PostgreSQL cume_dist() Function

The PostgreSQL cume_dist() function returns the cumulative distribution of the current row, that is, the ratio of the number of rows from the first row to the last row with the same value as the current row in the total number of rows in the partition.

The PostgreSQL cume_dist() function is often used to display the highest or lowest percentage of records in a recordset. For example, the best 5% of students in this exam, etc.

cume_dist() Syntax

Here is the syntax of the PostgreSQL cume_dist() function:

cume_dist()
OVER (
  [PARTITION BY partition_column_list]
  [ORDER BY order_column_list]
)

Parameters

partition_column_list

List of columns for partitioning.

partition_column_list

List of columns for sorting.

Return value

The PostgreSQL cume_dist() function returns a value greater than 0 and less than or equal to 1, which is the cumulative distribution of the current row. Its calculation formula is:

(the number of rows from the first row to the last row with the same value) / the total number of rows in the partition

cume_dist() Examples

Preparing Data

Use the following CREATE TABLE statement to create a table named student_grade to store grades of students:

CREATE TABLE student_grade (
  id SERIAL PRIMARY KEY,
  name VARCHAR(50) NOT NULL,
  class CHAR(1) NOT NULL,
  subject VARCHAR(20) NOT NULL,
  grade INT NOT NULL
);

This student_grade table has 5 columns as following:

  • id - The row ID, primary key.
  • name - The name of a student.
  • class - The class a student is in.
  • subject - The name of a subject.
  • grade - The grades for a subject and a student.

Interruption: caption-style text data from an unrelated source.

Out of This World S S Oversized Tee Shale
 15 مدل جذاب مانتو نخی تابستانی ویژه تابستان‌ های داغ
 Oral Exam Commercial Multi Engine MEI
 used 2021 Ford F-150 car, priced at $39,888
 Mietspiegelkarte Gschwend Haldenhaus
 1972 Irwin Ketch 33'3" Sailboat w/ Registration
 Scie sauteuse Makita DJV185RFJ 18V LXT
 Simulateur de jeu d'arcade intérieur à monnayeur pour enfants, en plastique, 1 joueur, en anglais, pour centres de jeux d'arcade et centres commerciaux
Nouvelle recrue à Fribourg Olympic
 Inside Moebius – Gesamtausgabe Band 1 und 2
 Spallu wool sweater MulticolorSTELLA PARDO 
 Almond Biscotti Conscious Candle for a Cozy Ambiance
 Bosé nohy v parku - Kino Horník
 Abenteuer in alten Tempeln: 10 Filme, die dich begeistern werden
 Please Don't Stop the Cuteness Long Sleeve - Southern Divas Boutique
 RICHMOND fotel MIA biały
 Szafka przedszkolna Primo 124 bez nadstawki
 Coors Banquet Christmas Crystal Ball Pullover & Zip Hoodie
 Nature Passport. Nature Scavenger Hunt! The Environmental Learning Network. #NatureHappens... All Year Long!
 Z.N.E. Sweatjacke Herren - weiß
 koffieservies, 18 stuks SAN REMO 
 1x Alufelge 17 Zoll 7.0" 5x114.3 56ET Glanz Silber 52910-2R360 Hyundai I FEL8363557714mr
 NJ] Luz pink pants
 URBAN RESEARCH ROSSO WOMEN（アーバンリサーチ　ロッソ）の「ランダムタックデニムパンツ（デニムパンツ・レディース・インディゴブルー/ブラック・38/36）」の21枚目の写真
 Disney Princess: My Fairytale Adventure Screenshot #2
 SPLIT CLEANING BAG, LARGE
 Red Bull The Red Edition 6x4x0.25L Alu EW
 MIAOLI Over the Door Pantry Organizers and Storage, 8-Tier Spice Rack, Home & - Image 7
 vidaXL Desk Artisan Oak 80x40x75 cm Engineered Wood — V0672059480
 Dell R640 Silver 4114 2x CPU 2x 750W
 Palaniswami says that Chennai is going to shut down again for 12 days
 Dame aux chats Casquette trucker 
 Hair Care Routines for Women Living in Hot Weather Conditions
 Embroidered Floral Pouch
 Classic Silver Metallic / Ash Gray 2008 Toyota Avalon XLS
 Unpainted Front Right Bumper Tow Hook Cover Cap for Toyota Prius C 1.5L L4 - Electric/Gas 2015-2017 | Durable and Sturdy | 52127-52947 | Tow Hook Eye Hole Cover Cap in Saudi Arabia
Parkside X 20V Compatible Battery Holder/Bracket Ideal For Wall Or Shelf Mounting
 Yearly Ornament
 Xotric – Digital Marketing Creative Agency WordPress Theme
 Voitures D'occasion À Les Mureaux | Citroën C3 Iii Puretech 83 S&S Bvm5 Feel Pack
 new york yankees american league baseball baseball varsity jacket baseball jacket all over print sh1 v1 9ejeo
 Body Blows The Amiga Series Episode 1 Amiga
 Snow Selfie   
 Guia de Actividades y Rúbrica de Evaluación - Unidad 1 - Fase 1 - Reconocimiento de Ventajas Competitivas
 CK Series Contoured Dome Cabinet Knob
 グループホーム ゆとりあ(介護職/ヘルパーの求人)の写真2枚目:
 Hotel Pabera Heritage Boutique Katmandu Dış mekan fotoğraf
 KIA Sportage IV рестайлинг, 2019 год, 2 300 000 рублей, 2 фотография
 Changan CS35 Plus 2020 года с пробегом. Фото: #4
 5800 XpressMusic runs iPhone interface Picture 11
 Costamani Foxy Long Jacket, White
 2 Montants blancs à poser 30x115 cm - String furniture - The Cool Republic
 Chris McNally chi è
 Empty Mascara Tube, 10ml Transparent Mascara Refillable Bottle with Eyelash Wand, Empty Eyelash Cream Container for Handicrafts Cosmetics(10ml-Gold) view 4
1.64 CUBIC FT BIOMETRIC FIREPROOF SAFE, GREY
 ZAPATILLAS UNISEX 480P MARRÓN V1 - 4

Insert some rows into the student_grade table using the following INSERT statement:

INSERT INTO student_grade
  (name, class, subject, grade)
VALUES
  ('Tim', 'A', 'Math', 9),
  ('Tom', 'A', 'Math', 7),
  ('Jim', 'A', 'Math', 8),
  ('Tim', 'A', 'English', 7),
  ('Tom', 'A', 'English', 8),
  ('Jim', 'A', 'English', 7),
  ('Lucy', 'B', 'Math', 8),
  ('Jody', 'B', 'Math', 6),
  ('Susy', 'B', 'Math', 9),
  ('Lucy', 'B', 'English', 6),
  ('Jody', 'B', 'English', 7),
  ('Susy', 'B', 'English', 8);

Use the following SELECT statement to show all rows of this table:

SELECT * FROM student_grade;
 id | name | class | subject | grade
----+------+-------+---------+-------
  1 | Tim  | A     | Math    |     9
  2 | Tom  | A     | Math    |     7
  3 | Jim  | A     | Math    |     8
  4 | Tim  | A     | English |     7
  5 | Tom  | A     | English |     8
  6 | Jim  | A     | English |     7
  7 | Lucy | B     | Math    |     8
  8 | Jody | B     | Math    |     6
  9 | Susy | B     | Math    |     9
 10 | Lucy | B     | English |     6
 11 | Jody | B     | English |     7
 12 | Susy | B     | English |     8
(12 rows)

Example 1

The following statement uses a PostgreSQL cume_dist() function to divide all rows into 2 partitions and calculate the cumulative distribution of each student’s grades:

SELECT *,
  cume_dist() OVER (
    PARTITION BY subject
    ORDER BY grade
  )
FROM student_grade;
 id | name | class | subject | grade |      cume_dist
----+------+-------+---------+-------+---------------------
 10 | Lucy | B     | English |     6 | 0.16666666666666666
 11 | Jody | B     | English |     7 |  0.6666666666666666
  6 | Jim  | A     | English |     7 |  0.6666666666666666
  4 | Tim  | A     | English |     7 |  0.6666666666666666
  5 | Tom  | A     | English |     8 |                   1
 12 | Susy | B     | English |     8 |                   1
  8 | Jody | B     | Math    |     6 | 0.16666666666666666
  2 | Tom  | A     | Math    |     7 |  0.3333333333333333
  7 | Lucy | B     | Math    |     8 |  0.6666666666666666
  3 | Jim  | A     | Math    |     8 |  0.6666666666666666
  9 | Susy | B     | Math    |     9 |                   1
  1 | Tim  | A     | Math    |     9 |                   1
(8 rows)

Note that the window function in the SQL statement above:

cume_dist() OVER (
  PARTITION BY subject
  ORDER BY grade
)

In the OVER clause,

  • The PARTITION BY subject partitions all rows by subject
  • The ORDER BY grade sorts all rows within each partition in ascending order by grade
  • The cume_dist() calculate the cumulative distribution for each row.

Note that within each subject, rows with the same grade have the same cumulative distribution.